For the overview section there are 5 different visualizations. The first one is a basic histogram that that shows the distribution of happiness scores for every country. The x-axis is the range of happiness scores and the y-axis is the frequency of the particular score. The histogram was made using the d3.histogram method to determine the appropriate bins for the visualization based on the happiness scores and the number of I put (which was 50). The next four visualizations are linear regression graphs for the four main factors we are comparing with happiness scores, these four are economic factors, Health, Environment, and Social Factors. These four graphs along with their discriptions underneath give insight into which factors have the greatest impact on a countries happiness. The visualizations are a simple scatter plot with a trend line attached. Using the least squares method the slope, y-intercept, and r-squared value were calcuated and the trend line was drawn using the slop and y-intercept to calcuate the appropriate x1,x2,y1, and y2 value.

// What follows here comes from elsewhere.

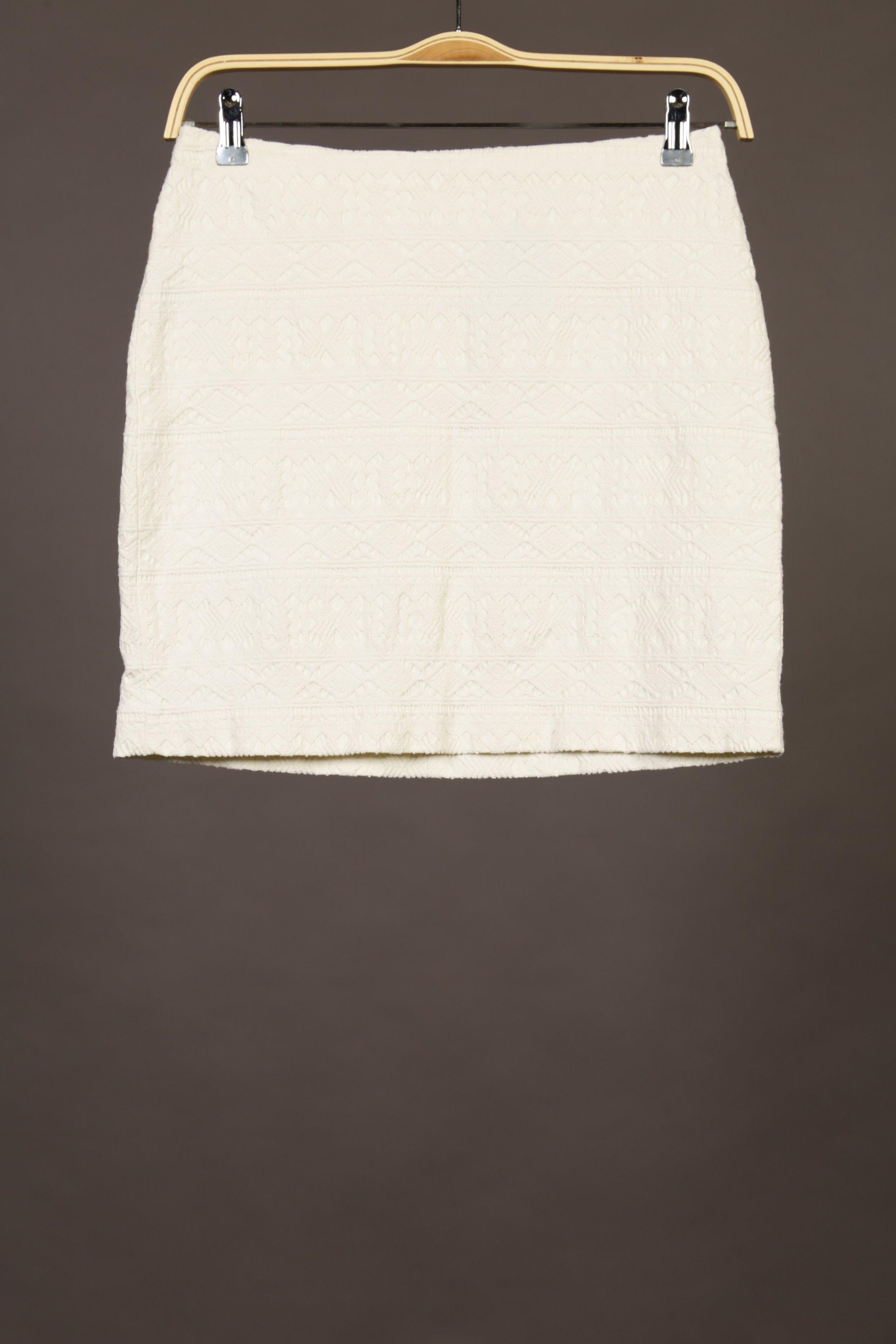 

Esprit Damen Rock, beige, Gr.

In the first sketch aforementioned, we decide to implement tooltips and scrubbing at the same time. However, since both functionalities are trying to capture the movements of mouse(specifically, the event passed as function parameters), it's impossible to do both. Therefore, we have to consider tradeoffs while making the decision: (1) What features are mandatory for the design? (2) What actions would yield details more effectively, without messing the pages up? After weighing the strengths of both design, we decide to move forward with tooltips, since data classification with regions are already done with color scales. Moreover, tooltips are more flexible; instead of choosing an arbitary region, we can look at disconnected dots immediately with mouse movement.
When we evaluate the work for how we could have done the visualization better, we find it difficult to see how we could have used another graph to show the relationship between different aspects of this data. However, we have waffled back on forth on whether or not to have made the visualization more of an "article" with some limited interaction and more abstract plots. Doing this would have allowed us a more pedantic approach, that is, we could have dictated more interesting features or incidental correlations to our audience; our current implementation is far more open-ended in what the audience will notice. The audience in our current implementation will likely notice the general trend of happiness and our data; however, they may or may not notice clustering or other correlatory features of our data. Whether or not the audience would be interested in a more pedantic approach (rather than open-ended exploration) is something we will re-evaluate after peer feedback. This evaluation section will likely get a sequel in the future.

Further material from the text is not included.